Menlo Electric is the fastest-growing PV distributor in EMEA (Europe, Middle East, Africa) with a mission to support energy transition in this region. The company operates in more than 25 markets selling modules, inverters and batteries from the leading brands in the renewable energy industry.
Established in 2020, Menlo crossed EUR 50M in revenue in 2021 and EUR 150M in 2022. They fulfill over 1,000 orders serving 300+ clients monthly and the seven logistics centers located in strategic hubs enable quick delivery for our clients across the EMEA region. The international team of experts consists of employees from 20 countries speaking 15+ languages.
But Menlo is not only about business. In 2022, they launched a charity project – “Energy to power your future”, in which they install photovoltaic installations for free at institutions that take care of children. The first charity installation was made in Poland, now Menlo is focusing on the international development of this project.
Interview with Bartosz Majewski, CEO of Menlo Electric.
Easy Engineering: What are the ranges of products?
Bartosz Majewski: We offer PV modules, inverters and batteries. Menlo is already a top 3 EU distributor of global module manufacturing leaders, Jinko Solar and Risen Energy. We are also a leading European distributor of JA Solar modules and inverters from Sungrow, SolarEdge and FoxESS. At the beginning of 2023, we are expanding our product portfolio even more.
E.E: Who is your offer addressed to?
B.M: Our clients represent all market segments: from residential and C&I (commercial and industrial) installers to utility scale developers and EPCs. We serve clients of all sizes, including market leaders. For example, we have supplied 4 of the top 5 biggest residential installers in the EMEA region with Risen full black modules this year. We also established cooperation with Ignitis, Lithuania’s biggest utility and developer which we supplied with Jinko Solar bifacial modules.
E.E: At what stage is the PV market now?
B.M: Last year European Union added 26 GW of solar power and expects to add more than 50 GW each year until 2030. The growth can be seen across all segments – residential, business and utility as well. However, there are some challenges along the way – last year it was delays in module shipments, this year we have faced shortages of inverters and batteries. The lack of inverters in the global PV market caused limitations in large industrial and farm installations (50 kW+). The situation with inverters in the 10-50 kW segment, for small and medium-sized enterprises, is better, though still not quite satisfactory.
In 2022 module prices continued to increase, peaking around September and October. However, it seems that the price increases are now behind us. Although module production costs remain high, the drop in freight prices gives us a reason to expect module price reductions in the first quarter of next year.
At Menlo, our mission is to provide our clients with uninterrupted supplies of top-quality equipment at attractive prices despite those challenges.

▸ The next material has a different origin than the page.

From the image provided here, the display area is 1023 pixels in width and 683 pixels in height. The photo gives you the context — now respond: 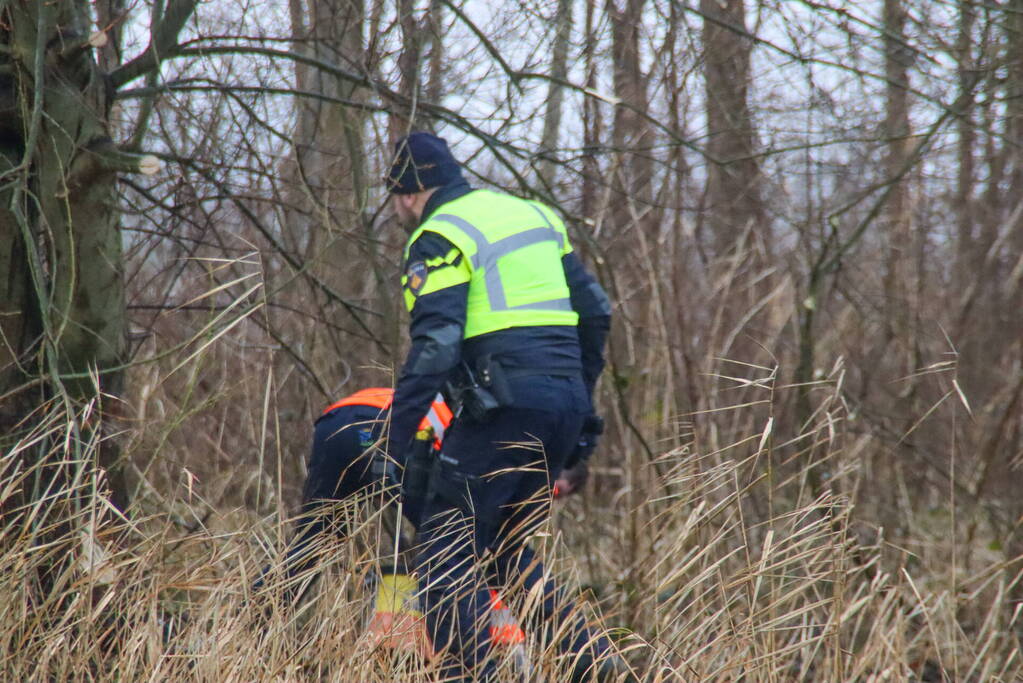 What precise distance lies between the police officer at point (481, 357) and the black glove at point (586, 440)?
0.86 feet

E.E: What can you tell us about market trends?
B.M: In module manufacturing, we are undergoing a switch for more efficient and higher power panels, from the so-called P-types to N-types. This will be a major technological shift, as was the change from polycrystalline to monocrystalline modules as few years ago. The demand for N-type modules is outpacing the supply, meaning that there will not be enough N-type modules next year.
Regarding inverters, string inverters will be gradually replaced by hybrid inverters with battery sets. Right now, in Germany and Italy, over 90% of new installations have batteries attached. In Central Europe, e.g. Poland and Romania, the attachment rate is less than 5%.
E.E: What are the most innovative products marketed?
B.M: We see an increasing popularity of N-type modules in almost all markets we operate in. They have a higher bifacial factor which brings higher energy generation compared with P-type module. After 30 years, N-type has a guaranteed efficiency of 87,4 %, 2.6 percentage points more than P-type. N-type delivers a higher power on a sunny day under the same external environment and the heat loss is greatly reduced as well.
E.E: What piece of advice would you give businesses and installers?
B.M: Briefly speaking – stock up in advance.
Considering the current and projected prices of electricity, the cost of a possible delay in completing a photovoltaic installation is very high. This mainly results from a loss of revenue or savings caused by deferring the start of production.
According to Rystad Energy simulations, with the current electricity prices in countries such as Germany, the UK, France, and Italy, the payback period for a PV installation can be less than a year. That means that a delay in its construction by two months translates to a real loss of revenue of about 15-20% of the value of the investment. Postponing purchases in hopes of potential savings of, say, 3% on component costs makes for a poor deal in comparison.